--- Information shown ---
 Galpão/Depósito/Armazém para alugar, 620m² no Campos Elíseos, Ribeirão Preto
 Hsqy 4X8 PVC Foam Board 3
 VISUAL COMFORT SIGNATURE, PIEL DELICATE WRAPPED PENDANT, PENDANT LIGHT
---
Output the complete data verbatim.

* [Exercise output]:
 Galpão/Depósito/Armazém para alugar, 620m² no Campos Elíseos, Ribeirão Preto
 Hsqy 4X8 PVC Foam Board 3
 VISUAL COMFORT SIGNATURE, PIEL DELICATE WRAPPED PENDANT, PENDANT LIGHT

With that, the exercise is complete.